Calculator Form
Use this stacked page layout with a responsive calculator grid: three columns on large screens, two on smaller screens, and one on mobile.
Example Data Table
This worked example shows how grouped salaries and weights combine into one weighted average salary.
| Group | Base Salary | Employees | Adjustment % | Adjusted Salary | Weighted Value |
|---|---|---|---|---|---|
| Engineering | $92,000.00 | 14 | 3.00% | $94,760.00 | $1,326,640.00 |
| Sales | $68,000.00 | 9 | 4.00% | $70,720.00 | $636,480.00 |
| HR | $54,000.00 | 5 | 2.00% | $55,080.00 | $275,400.00 |
| Support | $48,000.00 | 12 | 1.00% | $48,480.00 | $581,760.00 |
| Total | 40 | - | Weighted Average Salary | $2,820,280.00 | |
Example weighted average salary: $70,507.00 because $2,820,280.00 ÷ 40 = $70,507.00.
Formula Used
Weighted Average Salary = Σ(Adjusted Salary × Weight) ÷ Σ(Weight)
Adjusted Salary = Base Salary × (1 + Adjustment % ÷ 100)
Each group salary is scaled by its chosen weight. If you use employee count, larger teams influence the result more than smaller teams.
If you enter an adjustment percentage, the calculator updates that row before applying the weight. This helps model raises, regional premiums, or market changes.
The weighted salary value is useful for budgeting because it combines pay level and group size into one clear figure.
How to Use This Calculator
- Choose your currency, weight basis, and decimal preference.
- Enter one row for each department, grade, location, or scenario.
- Provide the average salary and the matching weight for that row.
- Add an optional adjustment percentage if you want a modeled increase or decrease.
- Click the calculate button to place the result below the header and above the form.
- Review the summary cards, detailed table, and Plotly graph.
- Download the current result as CSV or PDF for reporting.
- Use the add row button whenever you need more salary groups.
FAQs
1) What does weighted average salary mean?
Weighted average salary multiplies each salary by its assigned weight, adds those products, then divides by the total weight. It is more realistic than a simple mean when teams, grades, or workloads are not equal.
2) When should I use employee count as the weight?
Use employee count when each row represents a group of people sharing a typical salary. The result then estimates the combined average pay across the represented workforce.
3) Can I use hours or FTE instead of headcount?
Yes. Hours, FTE, and custom weights all work. The calculator still multiplies each salary by its weight, then divides by the total weight.
4) Why include adjustment percentages?
Adjustment percentages help model raises, location premiums, market shifts, or cost corrections. Each adjustment changes the row salary before the weighted average is calculated.
5) What happens if a row has zero weight?
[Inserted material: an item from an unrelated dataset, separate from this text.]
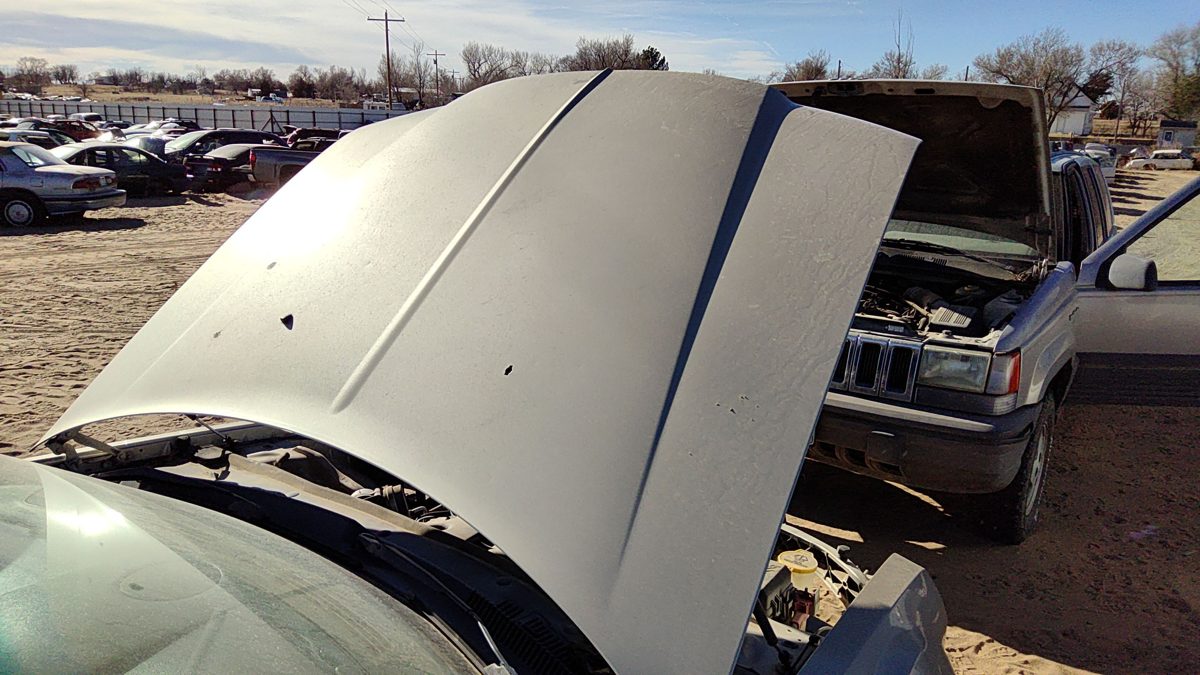 2006 Chrysler 300 Hood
A zero-weight row has no influence on the result. This page requires weights above zero for included rows, which protects the formula from meaningless inputs and divide-by-zero problems.
6) Is weighted average salary the same as payroll per employee?
Not always. They match when the weight is employee count and each salary is per person. Other weight types create a different planning view.
7) Can I compare departments with different sizes?
Yes. Weighted averages are useful for comparing departments, locations, and job bands because they reflect both pay level and relative size.
8) Do the downloads include my submitted data?
Yes. The CSV and PDF exports use the current calculated result, including row details, totals, weighted average, and adjustment effects shown after submission.